Originally Posted by Kayani_1
I am not understand why BMW needs to take a break from ALMS. When they have been kicking butt in it for last couple of years. The M3's have ran with Corvette's, Ferraris, Porsches, and Aston and out done them.
I think they should continue the effort with Rahal L. racing team.
As far as 2010 Le man goes they won it and got 3rd position in 2011. I do not consider that bad results. So if Corvettes GT2 cars went and competed. I think BMW M3 GT2 cars should have done the same. Because they are pretty competitive with those Corvettes. In fact they might have done better then the Corvette cars that suffered real bad luck.
This is it for the M3- there is no more E92 and BMW does not race obsolete products since racing is just a form of marketing. Why on earth would they spend money to race something they no longer make?? If BMW races in ALMS it will not be BMW Motorsport backed.

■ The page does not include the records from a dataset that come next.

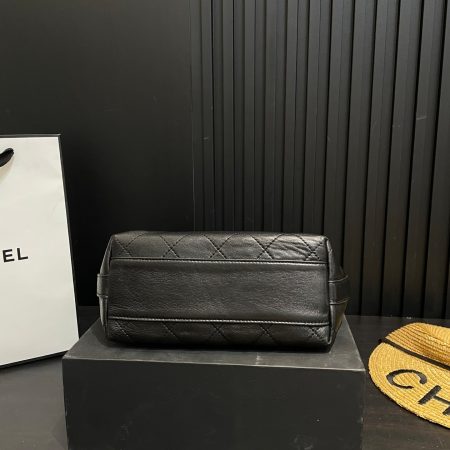 Chanel 31P Bucket Bag Black - Image 8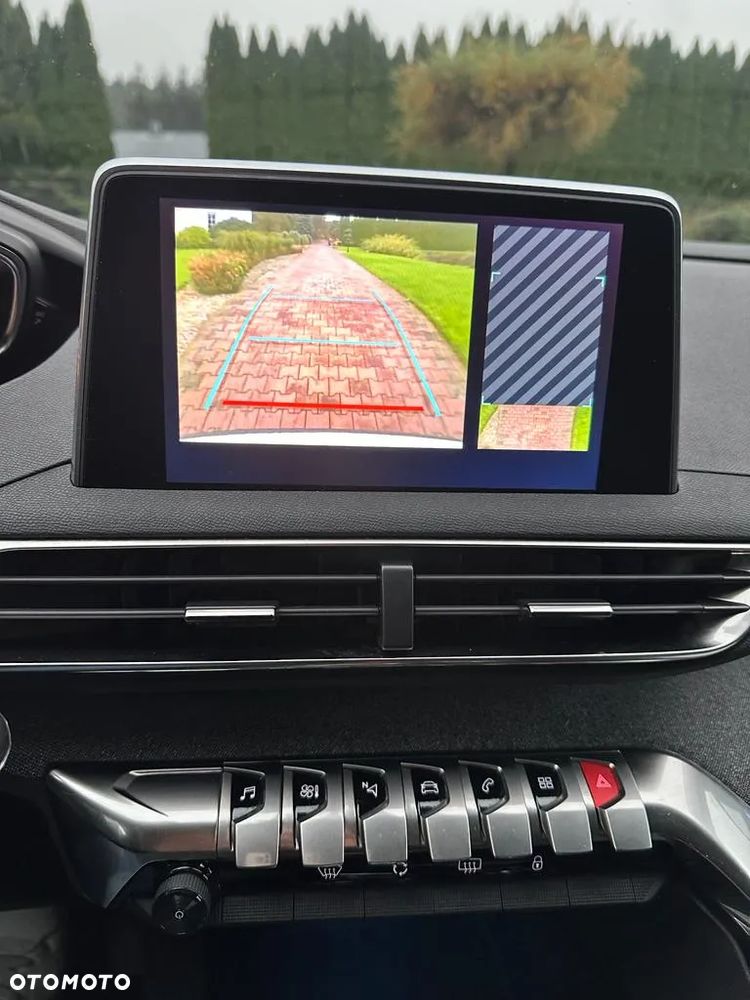 Peugeot 5008 BlueHDi 130 EAT8 Allure Pack - 9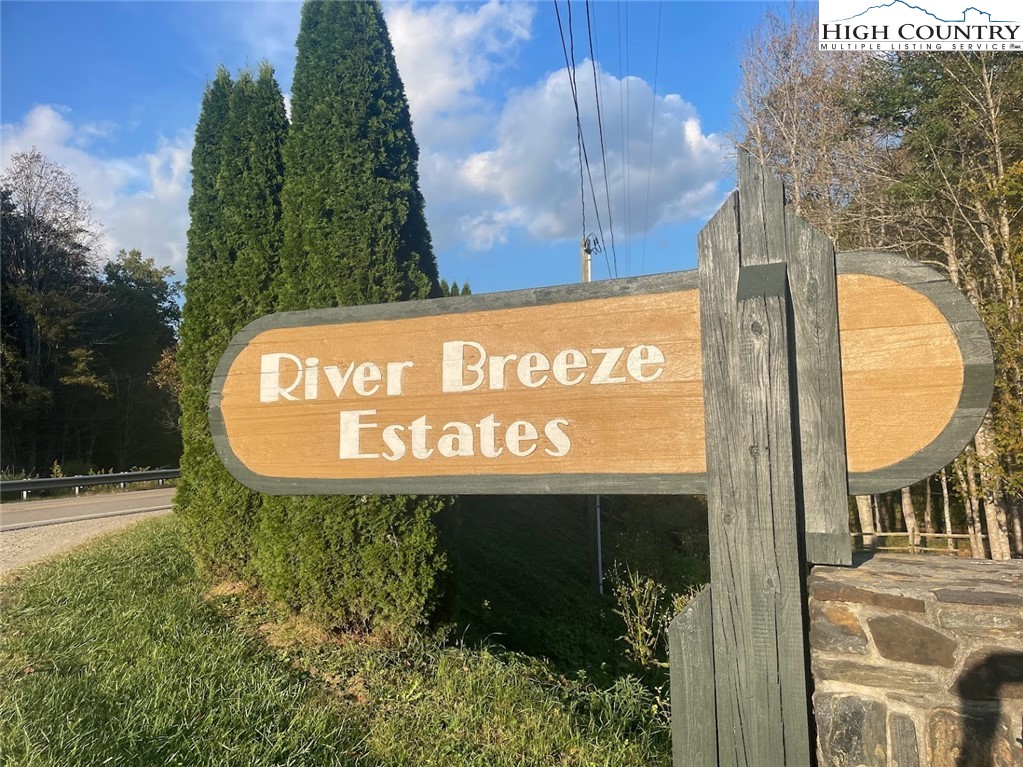 1946 River Breeze Drive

If RLL wants to field their own team and get their own sponsors etc. that is up to them but BMW is not going to invest any capital in a car that has been sent to pasture. The next generation car will not be here for several years and unless something miraculous happens with the Z4 GT3 there will be no BMW racing in the US. I met with Dr. Jens on Saturday- he said they have no indication at this time that the Z4 GT3 will be homologated for any race series in the US unless it is redesigned and if that is the case, it makes no business sense to do such a thing as the car is racing well around the world for privateer teams and sales have been excellent, with order books full in current form.
As for Corvette- GM uses it as a loss leader for marketing so anything they do is solely to sell other cars. BMW has no loss leaders from a marketing standpoint- also Corvette Racing has sponsors with DEEP pockets that just want to see their name on a car on the grid- BMW sponsors are not the same animal and some have also taken money from the GT cars and put it into DTM.
There were 140,000 fans this weekend in Nuremberg for the DTM race- millions more watched on TV. One race has more specatators than the entire ALMS season does. And in the US sadly- racing does not sell cars; Mercedes doesn't even race in the US, neither does Lexus and Audi only visits the states for a few races. The precedent has been established that racing in the US outside Nascar is limited to niche individuals and those individuals are only a small percentage of all car buyers (I am in that niche but don't base car purchases on race results like some).
As for Le Mans it is a huge race, lots of fans but is sponsoring a car there worth the same money as a Super Bowl ad especially if you do not think you can win? That's how marketing works... To racing fans it is something different but just like your favorite sports teams the product put out has to make a profit in the end. More people watch the Super Bowl and more are likely to take interest in a product if the ad is a good one- Dig up the Le Mans numbers in the US and you will be surprised at how small the audience is, its not worth the money outside for the art car...
Le Mans in Europe gets big numbers but DTM overall is a better investment and there is no need to have to grease the "off the record" French authorities to be able to enter and field a team.
Once again though- look at BMWNA and how they have now begun to package cars for more luxury, they are softer and comfortable does that equal racing?